Wednesday, 25 March 2015

Feminism in international relations

Welton O’Neal III
March 23, 2015

When analyzing international relations issues, it is often analyzed through a variety of theories with the main viewpoints being realism and liberalism. Both theories agree that within the international arena, only anarchy exists. However, realism emphasizes that nation-states interact with each other through their own self interest and intent to maintain their sovereignty and obtain more power. In regards to liberalism, it views nation-states interacting with each other in order to obtain peace. This can be achieved by nation-states being members of the United Nations. When it comes to feminism, it views these two theories as being dominated by the male perspective.

          Feminist theory uses gender and patriarchy to describe the field of international relations.  Overall, feminist theory says that most actors in international relations, such as diplomats and policymakers, have been, and still are males who come from patriarchal social and political backgrounds.[1] Therefore, discussions within international relations remain largely limited by those who lack consideration of women’s roles in world politics. If international relations continues to exclude women from its discipline and practice, then it will remain as an example of patriarchy. [2]

          In criticizing the most predominant international relations theory which is realism, feminists argue that realists over-value the role of the state in defining international relations, without questioning how the nation-state is politically and socially structured. Feminist theory would consider how the nation-state includes the views of its individual citizens, and how the nation-states domestic views translate into foreign policies.[3] Additionally, feminism views realism as the antithesis to achieving gender equality in discussion and practice. Nation-states are the actors and the individual is of little importance. When the individual is de-emphasized, there is even less acknowledgement of a female individual, which effectively excludes feminist discussion.[4]

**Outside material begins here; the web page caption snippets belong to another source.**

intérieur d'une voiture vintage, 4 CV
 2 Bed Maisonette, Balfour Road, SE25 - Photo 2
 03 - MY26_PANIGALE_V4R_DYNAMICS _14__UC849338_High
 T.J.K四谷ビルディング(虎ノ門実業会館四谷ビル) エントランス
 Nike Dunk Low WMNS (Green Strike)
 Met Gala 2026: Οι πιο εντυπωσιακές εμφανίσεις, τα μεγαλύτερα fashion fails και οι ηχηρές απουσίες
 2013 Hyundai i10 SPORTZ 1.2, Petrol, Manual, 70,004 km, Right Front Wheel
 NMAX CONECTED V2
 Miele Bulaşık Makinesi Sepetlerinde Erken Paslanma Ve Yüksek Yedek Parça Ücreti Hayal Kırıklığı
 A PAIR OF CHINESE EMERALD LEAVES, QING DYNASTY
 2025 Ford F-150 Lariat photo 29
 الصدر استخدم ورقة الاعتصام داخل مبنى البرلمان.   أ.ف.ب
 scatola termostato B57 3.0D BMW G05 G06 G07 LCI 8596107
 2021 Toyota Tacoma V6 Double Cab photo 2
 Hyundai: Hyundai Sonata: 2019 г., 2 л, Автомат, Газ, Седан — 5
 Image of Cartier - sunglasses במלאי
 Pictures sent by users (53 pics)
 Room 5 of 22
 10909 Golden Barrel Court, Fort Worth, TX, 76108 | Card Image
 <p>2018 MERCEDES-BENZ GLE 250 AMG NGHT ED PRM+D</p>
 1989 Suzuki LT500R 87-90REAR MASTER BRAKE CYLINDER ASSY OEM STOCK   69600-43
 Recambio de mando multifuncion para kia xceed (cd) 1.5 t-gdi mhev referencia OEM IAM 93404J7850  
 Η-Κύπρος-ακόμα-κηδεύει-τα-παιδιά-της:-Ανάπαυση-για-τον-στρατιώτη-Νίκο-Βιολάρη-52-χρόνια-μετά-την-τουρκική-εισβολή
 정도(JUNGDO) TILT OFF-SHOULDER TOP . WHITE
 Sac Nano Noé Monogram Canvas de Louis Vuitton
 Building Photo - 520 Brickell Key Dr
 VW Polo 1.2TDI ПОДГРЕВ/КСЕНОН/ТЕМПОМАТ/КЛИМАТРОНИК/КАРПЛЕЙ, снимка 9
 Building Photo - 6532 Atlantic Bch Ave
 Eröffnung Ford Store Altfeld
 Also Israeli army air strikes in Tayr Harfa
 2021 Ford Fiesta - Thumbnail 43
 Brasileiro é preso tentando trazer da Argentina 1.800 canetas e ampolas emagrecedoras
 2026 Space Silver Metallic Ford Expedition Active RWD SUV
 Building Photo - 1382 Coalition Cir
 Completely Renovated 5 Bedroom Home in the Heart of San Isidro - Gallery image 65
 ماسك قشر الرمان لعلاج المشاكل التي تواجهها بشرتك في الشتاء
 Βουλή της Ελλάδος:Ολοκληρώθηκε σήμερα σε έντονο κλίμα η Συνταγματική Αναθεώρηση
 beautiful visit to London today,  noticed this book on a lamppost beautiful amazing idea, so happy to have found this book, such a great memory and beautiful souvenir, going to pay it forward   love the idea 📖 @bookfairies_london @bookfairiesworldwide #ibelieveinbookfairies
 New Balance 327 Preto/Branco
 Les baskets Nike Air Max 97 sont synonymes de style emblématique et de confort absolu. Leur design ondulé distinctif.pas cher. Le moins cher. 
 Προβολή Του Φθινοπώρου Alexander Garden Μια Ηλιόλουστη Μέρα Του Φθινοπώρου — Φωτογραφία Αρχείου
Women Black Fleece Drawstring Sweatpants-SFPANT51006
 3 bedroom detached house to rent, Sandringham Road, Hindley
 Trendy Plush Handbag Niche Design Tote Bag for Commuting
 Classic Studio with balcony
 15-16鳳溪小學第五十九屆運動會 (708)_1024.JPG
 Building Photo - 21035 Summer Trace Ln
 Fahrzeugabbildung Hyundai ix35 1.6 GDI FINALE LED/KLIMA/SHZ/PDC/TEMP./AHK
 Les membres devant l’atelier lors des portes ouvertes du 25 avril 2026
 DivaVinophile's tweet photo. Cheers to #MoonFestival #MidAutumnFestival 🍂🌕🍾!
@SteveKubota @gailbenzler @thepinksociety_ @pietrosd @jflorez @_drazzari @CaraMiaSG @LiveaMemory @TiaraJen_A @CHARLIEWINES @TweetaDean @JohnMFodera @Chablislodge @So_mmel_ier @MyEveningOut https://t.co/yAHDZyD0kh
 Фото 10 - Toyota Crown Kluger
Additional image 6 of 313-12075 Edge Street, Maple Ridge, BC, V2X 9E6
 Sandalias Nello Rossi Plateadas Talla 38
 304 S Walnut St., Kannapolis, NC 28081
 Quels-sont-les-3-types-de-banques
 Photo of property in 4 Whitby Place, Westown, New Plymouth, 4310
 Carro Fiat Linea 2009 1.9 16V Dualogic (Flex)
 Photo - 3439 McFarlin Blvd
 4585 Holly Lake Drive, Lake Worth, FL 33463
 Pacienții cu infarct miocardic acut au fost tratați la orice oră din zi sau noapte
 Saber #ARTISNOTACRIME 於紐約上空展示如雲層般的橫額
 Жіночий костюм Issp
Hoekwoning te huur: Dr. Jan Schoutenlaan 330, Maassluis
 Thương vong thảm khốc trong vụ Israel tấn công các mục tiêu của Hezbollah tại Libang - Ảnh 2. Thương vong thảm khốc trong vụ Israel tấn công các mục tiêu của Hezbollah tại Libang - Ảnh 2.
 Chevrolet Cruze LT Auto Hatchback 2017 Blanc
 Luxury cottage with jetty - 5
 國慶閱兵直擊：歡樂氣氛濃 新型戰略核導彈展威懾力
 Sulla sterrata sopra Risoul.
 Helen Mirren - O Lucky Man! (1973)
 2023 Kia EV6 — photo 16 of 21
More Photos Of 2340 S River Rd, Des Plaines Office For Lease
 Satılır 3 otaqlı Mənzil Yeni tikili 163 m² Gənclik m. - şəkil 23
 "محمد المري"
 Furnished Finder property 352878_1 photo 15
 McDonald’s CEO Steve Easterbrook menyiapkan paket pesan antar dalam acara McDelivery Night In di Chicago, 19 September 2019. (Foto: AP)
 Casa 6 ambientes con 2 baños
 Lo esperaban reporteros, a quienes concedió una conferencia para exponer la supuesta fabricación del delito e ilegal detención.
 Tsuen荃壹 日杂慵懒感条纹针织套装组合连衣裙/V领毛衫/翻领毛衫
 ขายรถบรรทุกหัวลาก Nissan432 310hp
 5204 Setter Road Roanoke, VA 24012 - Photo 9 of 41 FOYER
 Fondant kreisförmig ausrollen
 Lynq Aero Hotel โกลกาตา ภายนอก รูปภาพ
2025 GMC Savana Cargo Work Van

          Feminists also challenge the other international theory, liberalism. The critique of it is that international institutions provide for ways in which women can be more politically and socially acknowledged and empowered. Since the leaders and the processes of formal international organizations come from patriarchal systems, their work can keep women at a disadvantage.[5] In criticizing the main international relations theoretical viewpoints, feminism has developed its own theories to explain international relations. This consists of feminist empiricism and feminist standpoint.

          In defining feminist empiricism, it observes that states and the interstate system have been fundamentally gendered structures of domination and interaction. Feminist  empiricism asks 'whether it is accurate to focus on states and worldwide capitalist processes and not also examine the social attitudes and structures which impart a gender to international relations'.[6]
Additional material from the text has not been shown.